**Work required**
Say how many lines below contain the word "Building". The number is the entire reply.

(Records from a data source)
###
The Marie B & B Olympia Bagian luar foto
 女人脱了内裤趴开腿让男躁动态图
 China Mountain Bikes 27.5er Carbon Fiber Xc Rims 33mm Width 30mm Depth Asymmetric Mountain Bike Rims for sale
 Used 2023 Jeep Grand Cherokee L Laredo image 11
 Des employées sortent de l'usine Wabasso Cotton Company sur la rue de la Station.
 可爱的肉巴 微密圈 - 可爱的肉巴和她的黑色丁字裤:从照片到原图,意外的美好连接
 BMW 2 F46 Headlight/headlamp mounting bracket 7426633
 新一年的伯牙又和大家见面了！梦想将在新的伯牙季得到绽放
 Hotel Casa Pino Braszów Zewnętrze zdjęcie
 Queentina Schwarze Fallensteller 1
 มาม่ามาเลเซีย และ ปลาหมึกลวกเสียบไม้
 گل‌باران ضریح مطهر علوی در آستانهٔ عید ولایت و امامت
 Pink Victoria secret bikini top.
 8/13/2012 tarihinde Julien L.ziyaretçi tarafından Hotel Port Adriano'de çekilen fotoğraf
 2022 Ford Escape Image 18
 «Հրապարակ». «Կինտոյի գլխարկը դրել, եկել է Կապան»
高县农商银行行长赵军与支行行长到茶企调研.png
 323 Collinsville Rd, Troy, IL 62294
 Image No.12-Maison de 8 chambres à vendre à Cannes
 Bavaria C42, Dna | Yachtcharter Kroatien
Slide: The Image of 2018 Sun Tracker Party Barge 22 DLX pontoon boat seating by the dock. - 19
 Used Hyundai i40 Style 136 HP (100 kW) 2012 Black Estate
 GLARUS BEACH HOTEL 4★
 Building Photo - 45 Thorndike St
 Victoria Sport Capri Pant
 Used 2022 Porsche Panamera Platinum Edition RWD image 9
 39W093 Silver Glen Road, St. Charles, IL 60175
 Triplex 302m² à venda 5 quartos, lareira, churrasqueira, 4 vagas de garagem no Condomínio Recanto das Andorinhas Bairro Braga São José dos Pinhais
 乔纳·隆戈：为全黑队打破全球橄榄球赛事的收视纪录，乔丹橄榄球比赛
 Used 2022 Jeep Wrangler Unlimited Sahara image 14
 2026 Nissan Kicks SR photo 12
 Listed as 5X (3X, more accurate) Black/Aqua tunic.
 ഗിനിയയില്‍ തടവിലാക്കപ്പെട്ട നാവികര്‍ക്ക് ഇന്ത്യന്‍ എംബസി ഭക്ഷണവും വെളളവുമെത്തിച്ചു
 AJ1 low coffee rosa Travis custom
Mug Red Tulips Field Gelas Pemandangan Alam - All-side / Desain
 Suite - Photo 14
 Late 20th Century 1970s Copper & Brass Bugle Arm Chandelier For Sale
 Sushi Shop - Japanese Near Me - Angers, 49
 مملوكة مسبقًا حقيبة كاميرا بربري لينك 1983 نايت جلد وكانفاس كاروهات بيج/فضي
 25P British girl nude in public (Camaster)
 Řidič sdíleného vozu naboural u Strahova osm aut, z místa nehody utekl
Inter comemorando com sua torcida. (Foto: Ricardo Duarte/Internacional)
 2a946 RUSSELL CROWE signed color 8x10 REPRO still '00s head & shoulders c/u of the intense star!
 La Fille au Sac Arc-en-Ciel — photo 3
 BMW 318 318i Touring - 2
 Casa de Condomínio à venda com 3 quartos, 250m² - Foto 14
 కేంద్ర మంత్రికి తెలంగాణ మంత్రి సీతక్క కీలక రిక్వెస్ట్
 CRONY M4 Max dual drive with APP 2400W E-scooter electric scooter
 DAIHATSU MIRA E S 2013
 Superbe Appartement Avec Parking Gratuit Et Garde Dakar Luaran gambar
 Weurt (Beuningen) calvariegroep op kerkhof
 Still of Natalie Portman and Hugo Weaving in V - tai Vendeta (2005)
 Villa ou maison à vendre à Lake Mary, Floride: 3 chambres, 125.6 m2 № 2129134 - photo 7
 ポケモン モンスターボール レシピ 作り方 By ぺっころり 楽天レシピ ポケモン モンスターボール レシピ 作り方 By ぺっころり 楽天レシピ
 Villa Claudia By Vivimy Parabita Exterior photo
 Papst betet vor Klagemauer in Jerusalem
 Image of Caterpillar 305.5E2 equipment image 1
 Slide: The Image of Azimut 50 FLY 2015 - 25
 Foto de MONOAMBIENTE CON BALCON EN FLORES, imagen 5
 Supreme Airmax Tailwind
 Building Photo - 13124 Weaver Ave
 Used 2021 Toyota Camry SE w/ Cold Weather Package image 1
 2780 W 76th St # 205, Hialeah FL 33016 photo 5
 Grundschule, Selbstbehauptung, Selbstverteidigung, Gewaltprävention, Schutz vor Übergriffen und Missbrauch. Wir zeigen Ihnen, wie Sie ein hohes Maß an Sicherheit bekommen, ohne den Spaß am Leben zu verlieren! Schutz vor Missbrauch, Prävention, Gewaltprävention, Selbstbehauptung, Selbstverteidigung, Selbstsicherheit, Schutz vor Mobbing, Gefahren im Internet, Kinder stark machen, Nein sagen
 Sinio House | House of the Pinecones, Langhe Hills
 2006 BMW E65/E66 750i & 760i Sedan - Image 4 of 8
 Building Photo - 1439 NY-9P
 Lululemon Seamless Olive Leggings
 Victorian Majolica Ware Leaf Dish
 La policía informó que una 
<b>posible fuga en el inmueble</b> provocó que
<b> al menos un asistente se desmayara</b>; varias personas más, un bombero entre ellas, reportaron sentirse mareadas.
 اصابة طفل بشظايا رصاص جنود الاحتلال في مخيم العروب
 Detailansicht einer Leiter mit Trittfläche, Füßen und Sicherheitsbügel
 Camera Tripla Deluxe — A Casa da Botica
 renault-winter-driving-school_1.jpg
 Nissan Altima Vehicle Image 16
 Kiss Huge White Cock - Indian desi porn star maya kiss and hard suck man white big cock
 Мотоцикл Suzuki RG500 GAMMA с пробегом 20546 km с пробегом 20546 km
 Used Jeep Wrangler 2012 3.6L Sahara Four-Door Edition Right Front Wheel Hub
###
**Result of the exercise**
3